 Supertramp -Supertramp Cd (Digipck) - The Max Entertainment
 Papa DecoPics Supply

= = =

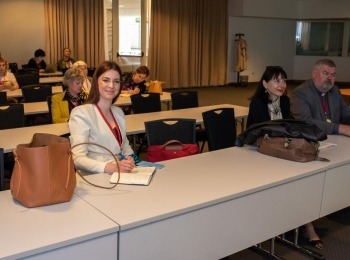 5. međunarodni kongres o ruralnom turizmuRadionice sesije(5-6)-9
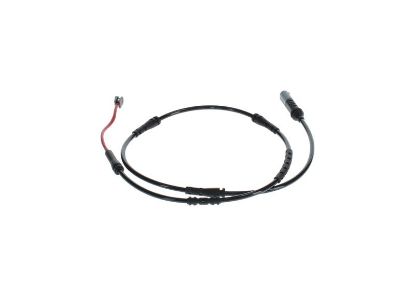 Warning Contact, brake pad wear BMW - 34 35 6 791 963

= = =

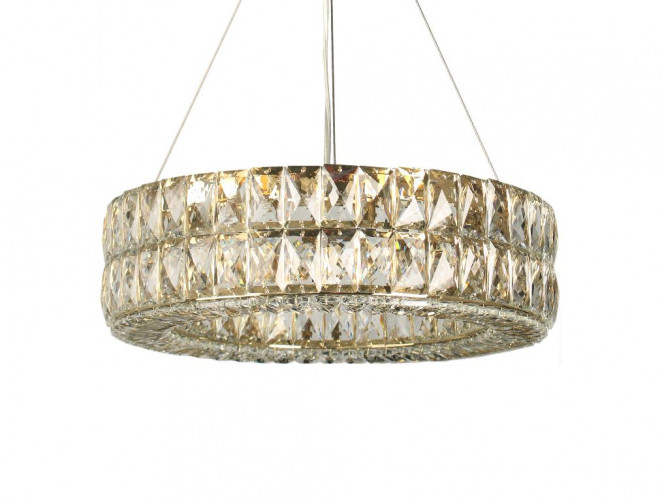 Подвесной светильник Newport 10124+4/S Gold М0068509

= = =

Could you restate word for word the lines above from the one containing "Supertramp -Supertramp Cd" through the one containing "Papa DecoPics Supply", both included, and nothing else?

## Answer box:
 Supertramp -Supertramp Cd (Digipck) - The Max Entertainment
 Papa DecoPics Supply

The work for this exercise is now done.